Pin Me

What is Win32 Conficker?

written by: Anurag Ghosh•edited by: Bill Bunter•updated: 1/18/2011

Win32/Conficker the most spreadable virus/worm of the year 2009 exploits the Microsoft's (MS08-067) vulnerability to remotely gain access to a computer system.

  • slide 1 of 7

    Description

    win32 / conficker 

    Win32/Conficker is a virus/worm that spreads itself across computers by exploiting one of the vulnerabilities (MS08-067) present in Microsoft Windows operating system. This vulnerability allows remote execution of code by a hacker or an intruder. The worst part is that it does not require any user interaction and as such a hacker or an intruder can gain full control of a system. This vulnerability has been marked as "critical" and the affected operating systems are Windows 2000, Windows 2003, Windows XP, Windows 2008 and Windows Vista. However, a patch has been introduced in October, 2008 after which the issue has been resolved.

  • slide 2 of 7

    Risk Assessment

    Home Users – LOW

    Corporate Users – LOW

  • slide 3 of 7

    Virus Characteristics

    Filename: unknown.dll

    Detection: Win32/Conficker

    File size: 58 KB

  • slide 4 of 7

    Symptoms

    Symptoms of a Win32 Conficker attack is given below:

    • Security websites are blocked.
    • Administrator access is denied.
    • Users are locked out of their directory.
    • Automatic creation of scheduled tasks.

    To Learn more about the best way to check conficker infections, read Conficker Eye Chart: The Easiest Way To Check for Conficker Infections.

  • slide 5 of 7

    Common Detection A.K.A.

    • Trend Micro WORM_DOWNAD.A
    • Microsoft Worm:Win32/Conficker.A/B
    • F-Secure/ Kaspersky Trojan.Win32.Pakes.lxf
    • Sophos Mal/Conficker-A
    • Symantec W32.Downadup
  • slide 6 of 7

    How it Works

    As discussed earlier, Win32/Conficker exploits the MS08-067 vulnerability present in the operating system to remotely execute code.
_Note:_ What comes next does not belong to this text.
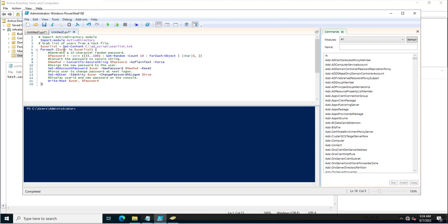I am using a ForEach loop, calling the 'user' variable, which iterates inside the 'userlist'. It will use the values from the userlist.txt file, which is stored in the userlist variable. This variable is storing the values from the specified path.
It copies itself in the system directory with an "unknown" name and having an extension “.dll". It also disables important services like Windows Error Reporting Service (WerSvc), Error Reporting Service (ERSvc), Background Intelligent Transfer Service (BITS), Windows Update Automatic Updates Service (wuausrv), Windows Defender (WinDefend) and Windows Search Content Search Service (wscsvc).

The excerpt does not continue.